## INSTRUCTIONS TO FOLLOW
Every line below between the line holding "That's it! We've" and the line holding "The last trait", inclusive, should be repeated exactly, and all other lines omitted.

(Saved entries)
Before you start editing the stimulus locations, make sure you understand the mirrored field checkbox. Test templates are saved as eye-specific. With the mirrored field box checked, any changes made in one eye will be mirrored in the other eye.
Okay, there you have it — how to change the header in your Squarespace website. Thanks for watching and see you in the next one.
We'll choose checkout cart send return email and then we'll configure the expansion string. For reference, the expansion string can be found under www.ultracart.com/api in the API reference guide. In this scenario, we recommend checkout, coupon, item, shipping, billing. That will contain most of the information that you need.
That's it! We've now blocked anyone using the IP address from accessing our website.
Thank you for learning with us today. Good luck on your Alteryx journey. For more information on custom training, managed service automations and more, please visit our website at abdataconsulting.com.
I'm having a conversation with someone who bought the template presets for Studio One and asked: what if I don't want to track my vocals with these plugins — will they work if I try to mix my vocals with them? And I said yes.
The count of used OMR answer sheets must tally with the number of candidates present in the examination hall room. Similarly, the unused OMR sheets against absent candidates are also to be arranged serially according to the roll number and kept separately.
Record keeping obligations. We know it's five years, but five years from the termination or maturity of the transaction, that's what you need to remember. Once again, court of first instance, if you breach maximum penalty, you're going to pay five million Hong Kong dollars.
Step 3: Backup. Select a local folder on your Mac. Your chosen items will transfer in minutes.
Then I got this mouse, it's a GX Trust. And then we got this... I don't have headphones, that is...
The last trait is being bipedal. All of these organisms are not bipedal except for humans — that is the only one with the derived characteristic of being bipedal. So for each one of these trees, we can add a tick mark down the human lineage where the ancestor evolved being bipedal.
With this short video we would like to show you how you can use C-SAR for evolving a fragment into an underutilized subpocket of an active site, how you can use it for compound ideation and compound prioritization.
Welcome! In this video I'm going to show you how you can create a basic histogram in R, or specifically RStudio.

## RESULT OF THIS TASK
That's it! We've now blocked anyone using the IP address from accessing our website.
Thank you for learning with us today. Good luck on your Alteryx journey. For more information on custom training, managed service automations and more, please visit our website at abdataconsulting.com.
I'm having a conversation with someone who bought the template presets for Studio One and asked: what if I don't want to track my vocals with these plugins — will they work if I try to mix my vocals with them? And I said yes.
The count of used OMR answer sheets must tally with the number of candidates present in the examination hall room. Similarly, the unused OMR sheets against absent candidates are also to be arranged serially according to the roll number and kept separately.
Record keeping obligations. We know it's five years, but five years from the termination or maturity of the transaction, that's what you need to remember. Once again, court of first instance, if you breach maximum penalty, you're going to pay five million Hong Kong dollars.
Step 3: Backup. Select a local folder on your Mac. Your chosen items will transfer in minutes.
Then I got this mouse, it's a GX Trust. And then we got this... I don't have headphones, that is...
The last trait is being bipedal. All of these organisms are not bipedal except for humans — that is the only one with the derived characteristic of being bipedal. So for each one of these trees, we can add a tick mark down the human lineage where the ancestor evolved being bipedal.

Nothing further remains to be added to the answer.